Zwiedzamy miasto w cytadelą , muzeum , kilkoma zabytkowymi meczetami , w tym wielkim meczetem – najwspanialszym w tych okolicach. Zupełnie inne są tu minarety niż te które do tej pory widzieliśmy. Styl meczetów nam się podoba. Jest też wielki bazar i kilka starych knajpek. Diyarbakir leży nad Tygrysem , albo lepiej tygryskiem , bo rzeka wygląda tu mizernie. A że był już wcześniej Eufrat to wiadome , że jesteśmy w Mezopotamii. Miasto tak na kilka godzin. Zwiedzanie utrudnia upał tak +39.
Jedziemy miejskim busem na dworzec i o 22 odjeżdżamy do Iraku.
13.07.2019 Erbil
Autobus kosztuje 150 TL , jest w opcji 2+2 , ma TV i działa Wi-Fi. Jest pełny. O 3 w nocy jesteśmy na granicy , o 6 opuszczamy granice o 10.30 jesteśmy na miejscu.
Granica normalna. Wyjazd z Turcji bez kłopotów.
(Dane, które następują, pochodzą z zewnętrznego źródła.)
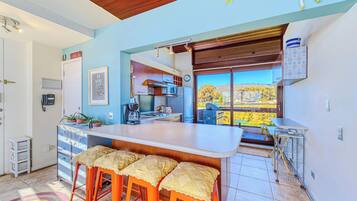 Fridge, microwave, stovetop, toaster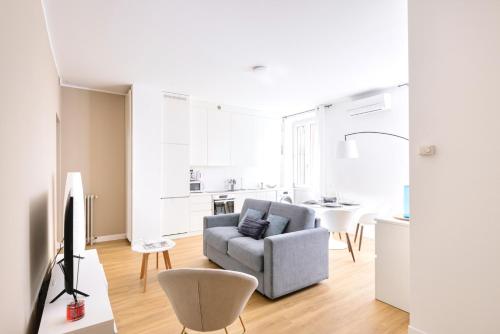 Easylife - Milano - Ozanam 4 - Buenos Aires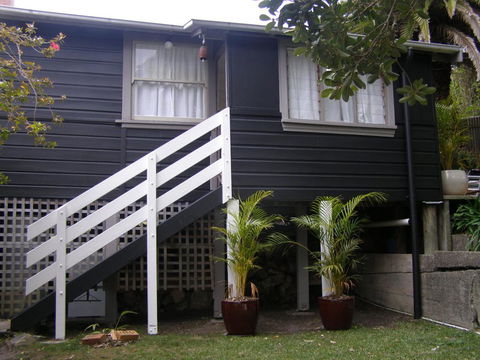 The Tree House, 6 Gowing Street - Grafton Accommodation 0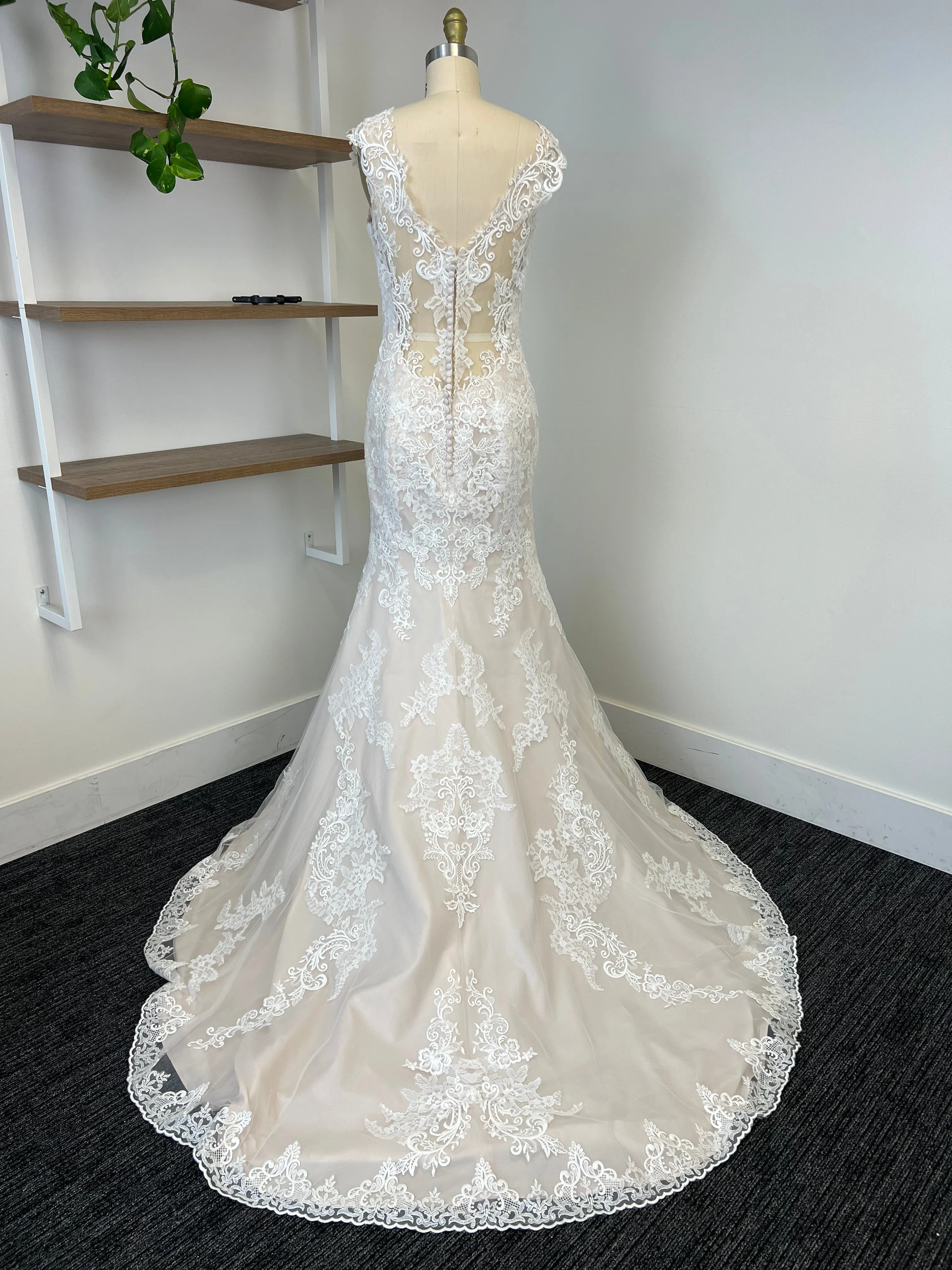 A / Maggie Sottero Daphne Size 12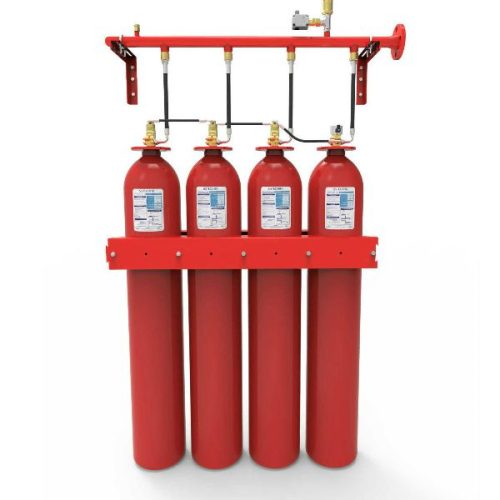 Sistema de extinción de incendios por gases conformado por cuatro botellas, una estructura de hierro y tubos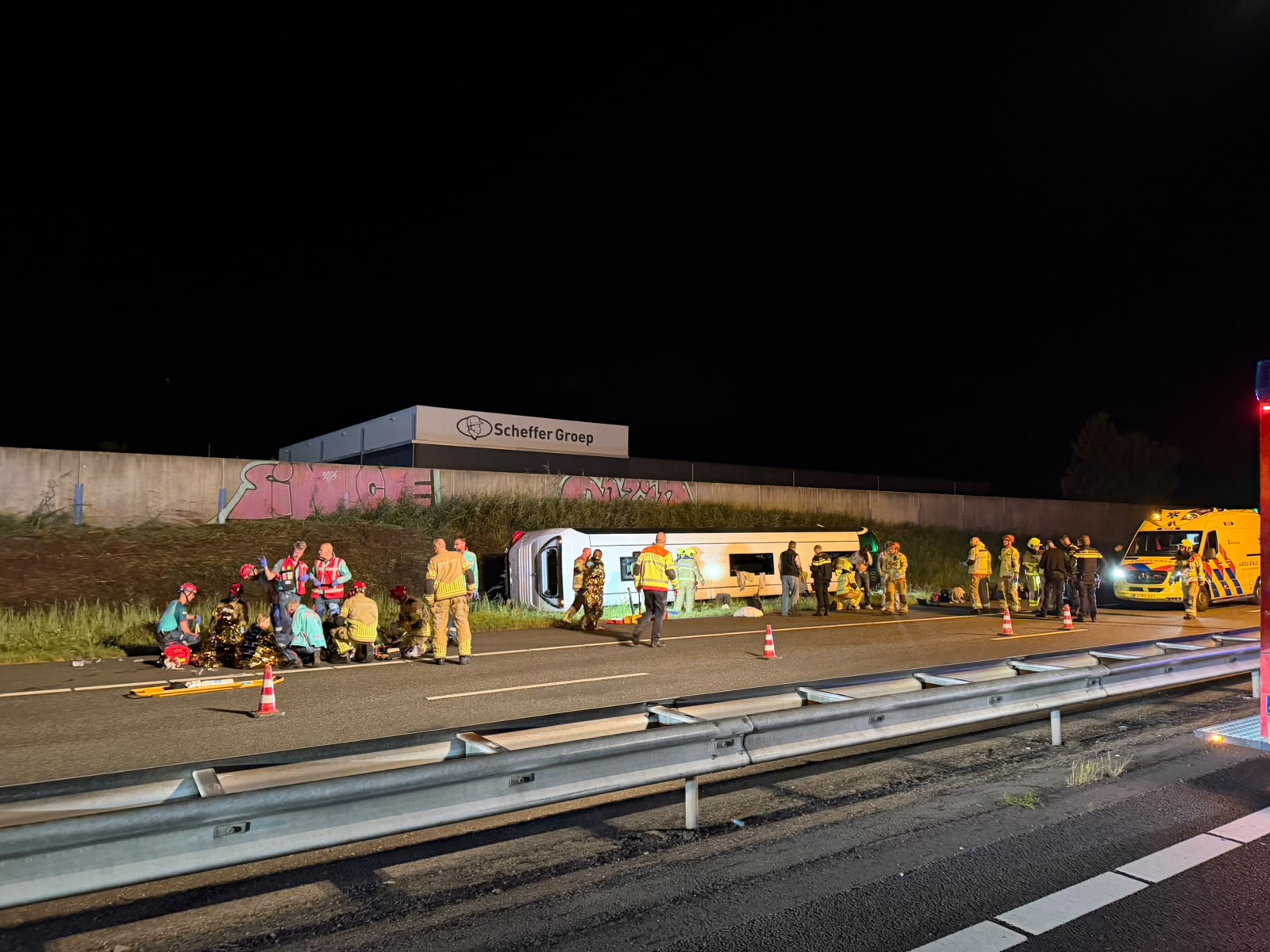 Foto: Gewonden bij zwaar ongeluk met touringcar en bestelbus, A28 bij Wezep dicht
Wjazd do Iraku – bagaże w rękę , na prześwietlarkę , krótka rozmowa dokąd jedziemy i na ile czasu i już jest w paszporcie pieczątka wjazdowa i bezpłatna wiza wbita w postaci drugiej pieczątki ważna na 30 dni. Irak obecnie składa się z dwóch części: Iraku właściwego oraz Autonomii Kurdyjskiej. Autonomia zajmuje około 20% powierzchni kraju liczy ok. 6 mln ludzi i ma duże prawa: własnego prezydenta , własny rząd , własną armię. Między autonomią a Irakiem są granice , których przekraczać bez wizy nie możemy. Autonomia jest spokojna: nie było tu wojny , Kurdowie obronili się przed atakiem ISIS , podejście do turystów jest tu dość liberalne , można chodzić w europejskich strojach, w sklepach jest alkohol. Czas jest taki sam jak w Turcji , czyli +1h do Polski , ciemno robi się tak o 20. Waluta to dinar iracki. Kurs do USD to 1 USD = 1200 LIQ , kurs do złotego to 1000 LIQ = 3,15 zł. W obiegu są tylko banknoty: 250 , 500 , 1000 , 5000, 10000 i 25000 , czyli najmniejszy nominał to ok. 80 groszy a największy to ok. 80 zł. Ceny dość niskie: piwo typu Efez – 1000 – 1250 , zachodnie 1500 , woda 0,5l – 250 , prosty obiad – 5000. Z dworca bierzemy taxi za 5000 za jakieś 7 km drogi do hotelu. Tu okazuje się , że musimy czekać na przygotowania pokoju. Czekamy godzinę zasypiając w fotelach. Po przygotowaniu okazuje się , że pokój wygląda tak jakby go ktoś przed chwilą opuścił. Cena 45 USD , czyli 54000 LIQ. Ważne że są 3 łóżka , klima i prysznic. Padamy koło 14 i śpimy ze 3 godziny. Przed zmrokiem wychodzimy obejrzeć centrum i wpisaną na unesco cytadelę. Syf i jadownia. Niezbyt nam się podoba , może dlatego że jest straszny upał i jesteśmy zmęczeni po nieprzespanej nocy. Jutro będziemy się kierowali w stronę Iranu , ale nocleg planujemy jeszcze w autonomii. Tak czy siak Irak to mój i Ani 96 kraj.